First, let me say, from a high level, that we know MySQL is a problem. A rather large one, at that. If you call support, and the level one person you speak to won’t acknowledge the issue, ask to speak to their supervisor. Like I said last time, I have very little control over things from a Tier1 level. I feel your pain, and it bugs me to read some of the things I see people saying about our first level of support. With everything else, it’s a constant struggle to improve.
As I’ve only been here for a few short months now (though it seems like forever), MySQL’s been an issue ever since. I don’t deny that, my boss doesn’t deny it, and his boss doesn’t, either. Let me start by summing up the problem:
PowWeb is a community that is rich in knowledge and programming skill. That means that a lot of you PowWeb folks are utilizing MySQL applications, and even writing your own. That’s great, and I encourage you to continue doing so. The issue comes in when we’ve got too many things happening at once, on the same MySQL server. When there’s too many connections on the server, the server queues up the next connections, until one frees up.

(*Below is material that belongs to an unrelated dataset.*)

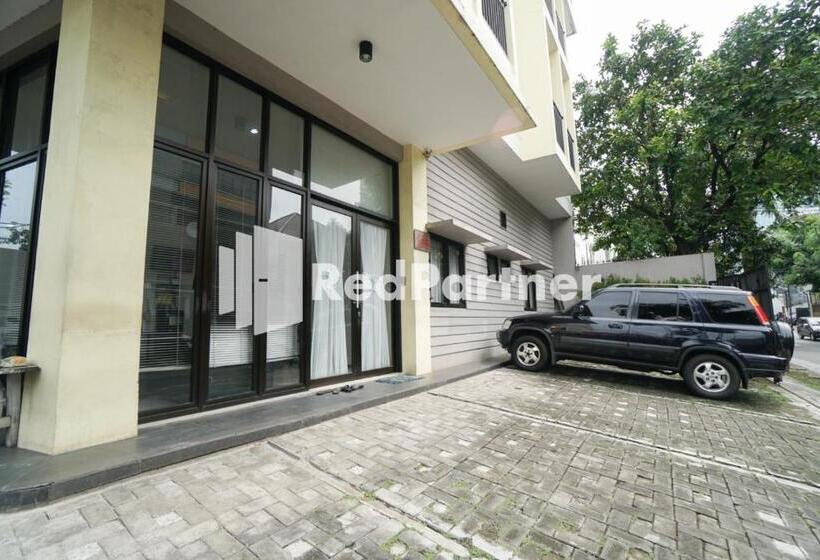 Hotel Toba Mansion Syariah Near Benhil Redpartner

This was an enormous problem when we were running MySQL 4 on all of the servers, as it didn’t limit connections at all. The first step in the right direction was upgrading to MySQL 5, which you all know we did a few weeks/months ago. Now that all the servers are running MySQL 5, we can limit connections based on username. This has helped, somewhat, and is a good start.
The next step that we’re planning on doing is being beta tested right now. According to one of our NetOps guys, MySQL is 20% write, and 80% read. He had the idea that doubling the amount of platters (hard drives) in the MySQL server would decrease the amount of data that needed to be read from one platter. We rolled this out onto one server already, which is our guinea pig, so to speak. (No, it wasn’t a PowWeb server that we’re testing on.) So far, the results have been extremely promising. Kudos to NetOps for coming up with this.

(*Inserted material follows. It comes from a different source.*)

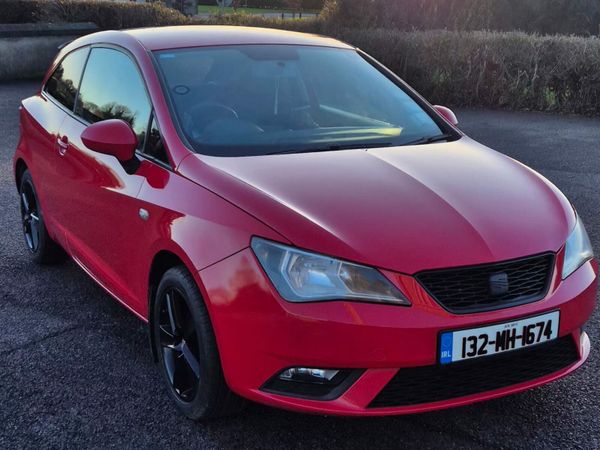 SEAT Ibiza Hatchback, Petrol, 2013, Red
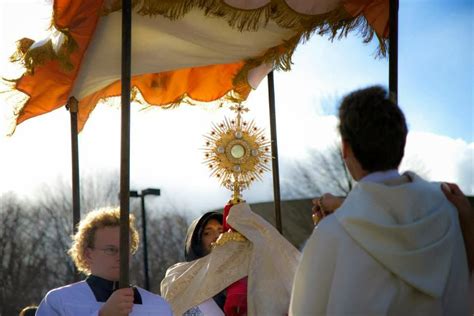 New Liturgical Movement Eucharistic Procession For The Feast Of Christ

Since the test was so successful, we went ahead and placed orders for the new drives for all of the other MySQL servers, and are waiting for them to arrive at our data center(s) to be installed. This will get MySQL to a point where it’s usable for everyone. There should be a huge improvement across the entire farm of MySQL servers, and everyone should be much happier with performance.
I’m not entirely clear on how they’re setting up these new drives, or how this is going to get around the number of connections that MySQL allows. I didn’t take the time to ask. Once I saw how much of an improvement it made on the server we’re testing it on, I didn’t care about the details.

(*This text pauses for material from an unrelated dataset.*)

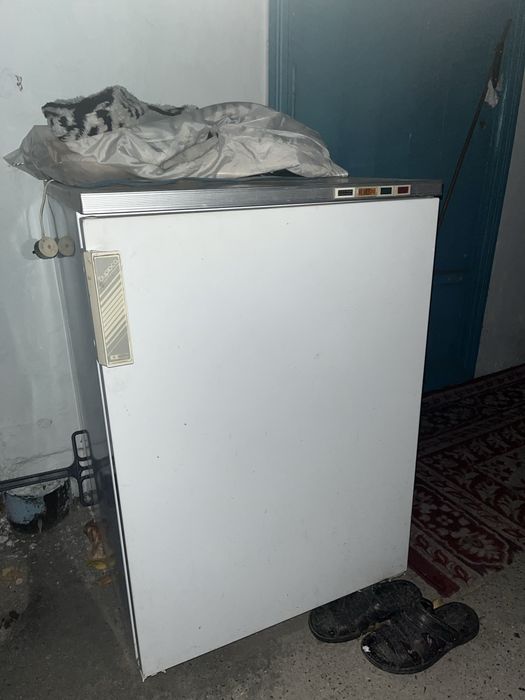 Продам морозильник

Ideally, I’d love to tell you the exact time and date you can expect these changes to be in place. Realistically, we don’t have an exact date. All I can say is that it’ll be done as soon as humanly possible.
If you do, however, need to call in to support about slowness with your site, and you think it’s MySQL related, here’s my suggestion: When you get someone on the phone (or chat, or e-mail support), let them know immediately what the issue is. Ie;
You: Hello Support Rep #41573, my site seems to be running extremely slow right now. I’m running a PHP based application with a MySQL backend.
Support Rep #41573: Just a moment, sir/ma’am, I’ll get someone to look into the MySQL server you’re on now.
I’m sure this goes without saying, and you all provide as much detail as possible to the Tier1 reps when you call in. However, there’s still a large number of people who call in, and don’t give that information. That one little sentence “I’m running a PHP based application with a MySQL backend.” will save the Tier1 rep from running half a dozen tests (and keeping you on hold the entire time) and they’ll skip right to checking the MySQL server. This will ultimately result in someone fixing whatever issue is causing the slowness. (Usually someone hogging resources on the MySQL server.)
I hope my summation helps, somewhat. I know it certainly doesn’t fix the issue, and doesn’t show any promise of having the issue fixed yesterday. But I assure you, as soon as we can, we’re going to fix this. For good.